4.1.2. Assessment by Land Cover Type

Figure 6 shows the assessment result by landcover type. According to ME and RME, only MOD16A2_C6, CR_ET and ETWatch were underestimated over forest areas; all ET products were underestimated except for NTSG over grassland areas; and, for cropland areas, only SSEBop was overestimated. The other ET products reported the opposite trends for the three land cover types. Over forest areas, NTSG and SSEBop had the most accurate estimates of ET, with R values greater than 0.93, and the smallest MAE (RMAE) and RMSE (RRMSE) values. PML_v2 reported the highest d value over grassland of 0.94, while PML_v2, GLEAM 3.3a and GLEAM 3.3b reported the highest R value. In addition, the aforementioned three ET products also had the best MAE (RMAE) and RMSE (RRMSE) values. For cropland areas, the most expected R (d) values were from the ETWatch dataset at 0.90 (0.94). Fine MAE and RMSE values were also reported by ETWatch, NTSG, GLEAM 3.3b and PML_v2, in which all MAE values were lower than 20 mm/month and all RMSE values were lower than 25 mm/month.
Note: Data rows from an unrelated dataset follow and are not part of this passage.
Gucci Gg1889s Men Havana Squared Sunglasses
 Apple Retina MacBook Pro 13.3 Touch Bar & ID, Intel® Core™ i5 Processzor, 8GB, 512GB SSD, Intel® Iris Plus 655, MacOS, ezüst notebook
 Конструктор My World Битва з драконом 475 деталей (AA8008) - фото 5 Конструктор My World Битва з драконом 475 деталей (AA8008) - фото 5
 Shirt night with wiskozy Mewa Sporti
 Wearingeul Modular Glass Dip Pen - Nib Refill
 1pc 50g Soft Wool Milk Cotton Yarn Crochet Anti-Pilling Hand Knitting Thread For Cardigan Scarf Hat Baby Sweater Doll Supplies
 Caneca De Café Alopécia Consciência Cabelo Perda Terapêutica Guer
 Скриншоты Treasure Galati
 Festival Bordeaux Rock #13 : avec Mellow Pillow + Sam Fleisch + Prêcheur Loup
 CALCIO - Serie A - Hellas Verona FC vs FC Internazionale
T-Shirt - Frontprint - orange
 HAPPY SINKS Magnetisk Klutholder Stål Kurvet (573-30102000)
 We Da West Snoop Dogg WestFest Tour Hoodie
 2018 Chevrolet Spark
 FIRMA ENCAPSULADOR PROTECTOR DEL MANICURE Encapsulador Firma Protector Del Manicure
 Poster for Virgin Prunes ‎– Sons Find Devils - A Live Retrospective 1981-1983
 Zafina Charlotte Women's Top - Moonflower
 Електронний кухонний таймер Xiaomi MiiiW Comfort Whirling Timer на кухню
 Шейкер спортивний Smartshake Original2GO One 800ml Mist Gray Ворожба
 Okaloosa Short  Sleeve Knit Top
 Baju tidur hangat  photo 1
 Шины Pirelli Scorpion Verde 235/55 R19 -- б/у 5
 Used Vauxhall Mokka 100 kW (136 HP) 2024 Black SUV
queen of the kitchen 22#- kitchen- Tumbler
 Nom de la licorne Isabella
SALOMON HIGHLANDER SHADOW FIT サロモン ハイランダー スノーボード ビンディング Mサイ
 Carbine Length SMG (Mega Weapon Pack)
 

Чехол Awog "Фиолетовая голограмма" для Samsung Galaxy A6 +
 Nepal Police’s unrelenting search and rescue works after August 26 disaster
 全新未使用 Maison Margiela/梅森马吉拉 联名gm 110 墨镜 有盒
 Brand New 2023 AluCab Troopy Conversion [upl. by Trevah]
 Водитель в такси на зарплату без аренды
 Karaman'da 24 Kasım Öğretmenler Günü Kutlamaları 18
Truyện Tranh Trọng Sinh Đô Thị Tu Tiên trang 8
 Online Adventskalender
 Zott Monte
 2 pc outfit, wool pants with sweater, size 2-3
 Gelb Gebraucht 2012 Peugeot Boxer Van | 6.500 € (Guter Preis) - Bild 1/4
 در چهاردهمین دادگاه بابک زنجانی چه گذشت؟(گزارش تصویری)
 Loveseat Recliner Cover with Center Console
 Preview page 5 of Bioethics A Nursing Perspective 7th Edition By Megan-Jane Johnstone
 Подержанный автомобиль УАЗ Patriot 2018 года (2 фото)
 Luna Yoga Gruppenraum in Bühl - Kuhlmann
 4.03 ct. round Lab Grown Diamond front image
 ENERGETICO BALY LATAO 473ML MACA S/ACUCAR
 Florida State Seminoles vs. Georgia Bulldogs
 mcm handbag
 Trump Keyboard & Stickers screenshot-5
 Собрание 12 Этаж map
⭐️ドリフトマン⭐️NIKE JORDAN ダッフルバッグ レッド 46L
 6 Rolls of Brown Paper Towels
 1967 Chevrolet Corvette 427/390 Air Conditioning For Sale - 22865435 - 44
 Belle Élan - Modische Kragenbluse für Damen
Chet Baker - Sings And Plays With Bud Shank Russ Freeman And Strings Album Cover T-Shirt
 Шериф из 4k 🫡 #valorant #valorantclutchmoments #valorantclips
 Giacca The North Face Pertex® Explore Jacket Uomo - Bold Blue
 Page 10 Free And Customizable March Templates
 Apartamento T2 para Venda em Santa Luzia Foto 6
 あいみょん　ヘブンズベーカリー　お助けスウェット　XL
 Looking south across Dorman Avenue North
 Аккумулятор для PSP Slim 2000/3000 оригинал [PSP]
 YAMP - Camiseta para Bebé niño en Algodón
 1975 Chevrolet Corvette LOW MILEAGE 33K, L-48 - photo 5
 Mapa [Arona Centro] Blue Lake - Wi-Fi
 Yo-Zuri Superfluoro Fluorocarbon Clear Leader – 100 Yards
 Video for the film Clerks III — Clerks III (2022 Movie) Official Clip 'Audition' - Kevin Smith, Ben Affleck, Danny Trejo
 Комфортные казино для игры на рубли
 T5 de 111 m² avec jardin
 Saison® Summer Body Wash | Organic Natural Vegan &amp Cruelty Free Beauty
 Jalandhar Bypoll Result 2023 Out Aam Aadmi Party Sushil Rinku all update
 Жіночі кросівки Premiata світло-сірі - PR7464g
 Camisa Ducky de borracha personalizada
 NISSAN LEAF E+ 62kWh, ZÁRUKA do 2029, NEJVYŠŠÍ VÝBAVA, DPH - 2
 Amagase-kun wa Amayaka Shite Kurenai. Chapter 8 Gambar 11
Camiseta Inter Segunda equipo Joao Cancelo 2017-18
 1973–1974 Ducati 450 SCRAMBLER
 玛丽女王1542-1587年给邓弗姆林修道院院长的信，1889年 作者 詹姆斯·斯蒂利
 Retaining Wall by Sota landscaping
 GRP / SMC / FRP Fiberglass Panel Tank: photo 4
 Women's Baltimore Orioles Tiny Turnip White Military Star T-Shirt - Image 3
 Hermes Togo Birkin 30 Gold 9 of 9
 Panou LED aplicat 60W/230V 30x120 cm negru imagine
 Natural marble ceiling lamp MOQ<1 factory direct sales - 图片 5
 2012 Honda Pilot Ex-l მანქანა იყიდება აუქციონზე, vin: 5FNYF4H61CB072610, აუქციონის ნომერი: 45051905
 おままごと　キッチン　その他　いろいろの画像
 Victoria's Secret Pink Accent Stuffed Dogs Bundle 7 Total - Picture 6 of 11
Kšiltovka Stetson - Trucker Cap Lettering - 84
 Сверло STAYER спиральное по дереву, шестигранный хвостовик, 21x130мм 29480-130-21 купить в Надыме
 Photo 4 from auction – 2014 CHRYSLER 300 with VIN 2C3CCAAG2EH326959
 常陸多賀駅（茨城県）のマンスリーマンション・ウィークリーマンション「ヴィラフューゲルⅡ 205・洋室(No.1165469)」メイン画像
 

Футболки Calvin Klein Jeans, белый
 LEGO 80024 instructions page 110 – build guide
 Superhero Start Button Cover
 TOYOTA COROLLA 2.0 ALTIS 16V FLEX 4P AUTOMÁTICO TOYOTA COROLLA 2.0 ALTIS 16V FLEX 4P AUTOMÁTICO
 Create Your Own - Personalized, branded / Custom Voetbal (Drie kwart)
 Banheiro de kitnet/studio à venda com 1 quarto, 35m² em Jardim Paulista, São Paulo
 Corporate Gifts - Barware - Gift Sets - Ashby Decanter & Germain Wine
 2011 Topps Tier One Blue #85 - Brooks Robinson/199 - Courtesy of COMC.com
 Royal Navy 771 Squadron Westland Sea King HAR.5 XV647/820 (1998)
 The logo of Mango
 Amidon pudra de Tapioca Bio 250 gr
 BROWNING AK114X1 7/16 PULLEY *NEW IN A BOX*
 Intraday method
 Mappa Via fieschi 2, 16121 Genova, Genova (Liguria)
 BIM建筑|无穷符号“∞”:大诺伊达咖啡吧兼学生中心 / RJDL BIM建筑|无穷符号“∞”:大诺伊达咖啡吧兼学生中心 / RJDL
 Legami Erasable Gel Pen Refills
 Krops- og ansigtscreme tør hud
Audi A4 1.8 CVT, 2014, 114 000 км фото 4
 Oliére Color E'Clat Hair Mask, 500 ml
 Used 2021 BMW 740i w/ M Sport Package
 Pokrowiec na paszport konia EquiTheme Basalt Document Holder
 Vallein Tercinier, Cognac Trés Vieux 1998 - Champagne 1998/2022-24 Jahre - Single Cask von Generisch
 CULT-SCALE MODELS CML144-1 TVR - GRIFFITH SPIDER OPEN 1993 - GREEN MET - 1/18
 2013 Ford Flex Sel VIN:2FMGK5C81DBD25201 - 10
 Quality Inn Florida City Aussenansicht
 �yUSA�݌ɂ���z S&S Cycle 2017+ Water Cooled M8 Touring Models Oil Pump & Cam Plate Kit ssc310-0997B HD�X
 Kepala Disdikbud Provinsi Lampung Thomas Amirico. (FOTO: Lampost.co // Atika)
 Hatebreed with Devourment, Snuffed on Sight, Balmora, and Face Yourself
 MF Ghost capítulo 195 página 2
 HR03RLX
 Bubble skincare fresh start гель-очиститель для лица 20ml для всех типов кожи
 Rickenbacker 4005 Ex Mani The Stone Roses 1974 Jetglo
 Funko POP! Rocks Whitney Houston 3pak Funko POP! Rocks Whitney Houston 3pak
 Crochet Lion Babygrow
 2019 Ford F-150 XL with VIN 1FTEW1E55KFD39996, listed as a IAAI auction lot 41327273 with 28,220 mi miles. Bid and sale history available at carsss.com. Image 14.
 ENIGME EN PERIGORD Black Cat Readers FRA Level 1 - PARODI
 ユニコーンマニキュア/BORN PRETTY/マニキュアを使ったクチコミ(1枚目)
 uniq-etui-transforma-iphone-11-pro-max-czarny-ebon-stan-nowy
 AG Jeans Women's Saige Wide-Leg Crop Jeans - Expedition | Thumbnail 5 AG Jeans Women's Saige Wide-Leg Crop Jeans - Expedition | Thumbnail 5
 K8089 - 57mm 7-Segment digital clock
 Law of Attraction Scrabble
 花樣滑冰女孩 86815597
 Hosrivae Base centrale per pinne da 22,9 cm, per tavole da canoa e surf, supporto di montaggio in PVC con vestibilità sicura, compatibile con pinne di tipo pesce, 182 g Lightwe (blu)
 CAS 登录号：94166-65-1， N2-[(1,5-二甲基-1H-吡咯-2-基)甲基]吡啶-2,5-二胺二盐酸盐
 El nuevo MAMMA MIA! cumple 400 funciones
4.1.3. Assessment by Climatic Zones

Figure 7 illustrates the assessment result by climatic zones. Over semiarid areas, only SSEBop slightly overestimated ET, while other ET products underestimated ET; only NTSG overestimated ET values in the dry subhumid areas; and, in humid areas, MOD16A2_C6, CR_ET, SEBS, SSEBop and ETWatch underestimated ET values. Over semiarid areas, GLDAS_v21_ET, PML_v2, GLEAM 3.3a, GLEAM 3.3b and ETWatch reported R values greater than 0.80 and d values greater than 0.87, while only PML_v2 reported the most desired MAE (RMAE) and RMSE (RRMSE) values. PML_v2 and CR_ET showed the best agreement with the flux EC ET over dry subhumid regions, with high values of R exceeding 0.94, high values of d exceeding 0.95 and relatively low MAE (RMAE) and RMSE (RRMSE) values. Additionally, NTSG and CR_ET outperformed all other ET products over humid areas. Although NTSG had the highest R (d), CR_ET had the smallest MAE (RMAE) and RMSE (RRMSE) values.

4.1.4. Assessment by Elevation Levels

Figure 8 shows the assessment result by elevation levels. From Figure 8, it can be concluded that only SSEBop overestimated ET over areas with elevations below 500 m. ETWatch had the highest R (d), while GLEAM 3.3b had the smallest MAE (RMAE) and RMSE (RRMSE) values. MOD16A2_C6, CR_ET, SEBS, SSEBop and ETWatch were underestimated over areas with elevations ranging from 500 m to 1500 m. PML_v2 simultaneously had the highest R (d) values and the most expected MAE (RMAE) and RMSE (RRMSE) values, which outperformed all other ET products, in light of all the assessment indicators. All ET products were underestimated over regions with elevations above 1500 m, excluding NTSG. PML_v2 and GLEAM 3.3a had the highest R (d) values, while GLEAM 3.3a had the smallest MAE (RMAE) values, and CR_ET had the smallest RMSE (RRMSE) values.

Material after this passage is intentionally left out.